• _MATERIAL TO PROCESS_:

|---|

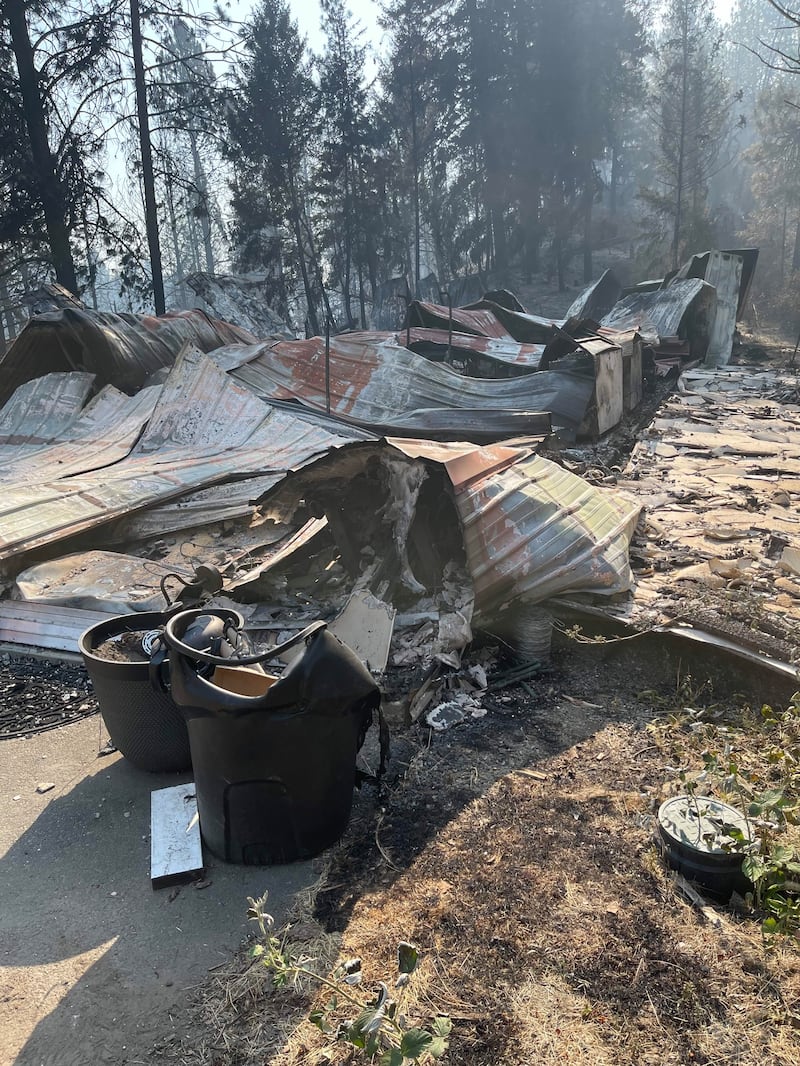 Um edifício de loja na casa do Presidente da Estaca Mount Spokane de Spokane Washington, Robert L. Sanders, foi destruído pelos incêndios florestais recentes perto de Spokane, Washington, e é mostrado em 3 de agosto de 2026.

|---|

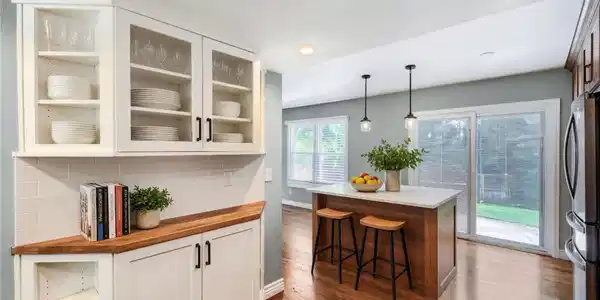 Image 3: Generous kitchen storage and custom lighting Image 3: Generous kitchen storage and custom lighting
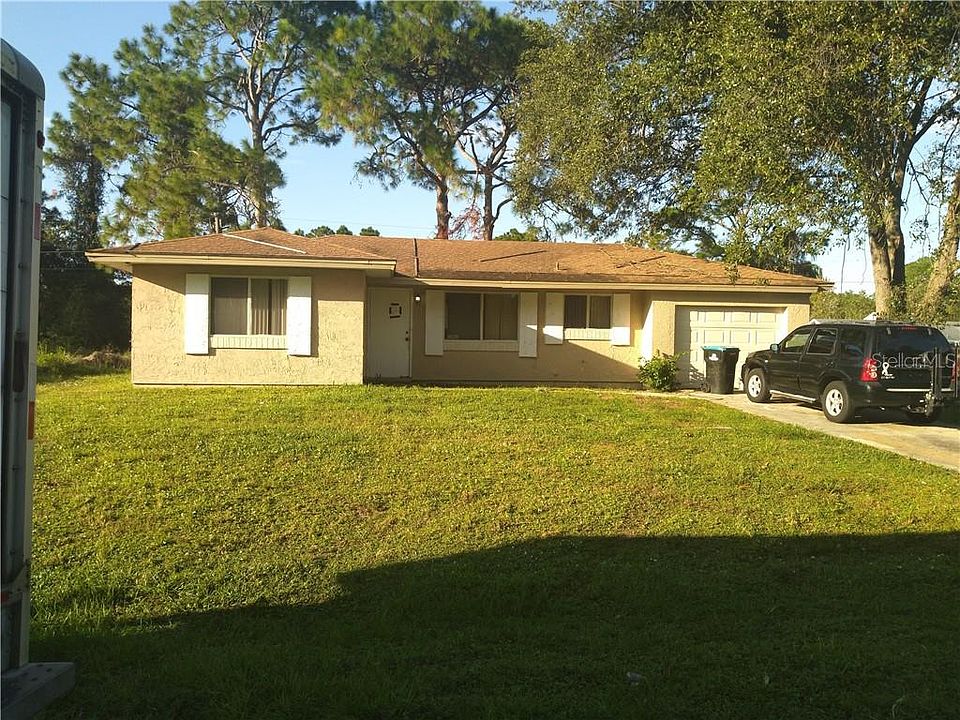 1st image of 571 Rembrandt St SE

|---|

• _PROBLEM TO WORK ON_:
With the pictures omitted, print the lines above exactly, beginning at the line with "Image 3: Generous kitchen storage and custom lighting Image" and going on through the line with "1st image of 571 Rembrandt St SE".

• _WRITTEN ANSWER_:
 Image 3: Generous kitchen storage and custom lighting Image 3: Generous kitchen storage and custom lighting
 1st image of 571 Rembrandt St SE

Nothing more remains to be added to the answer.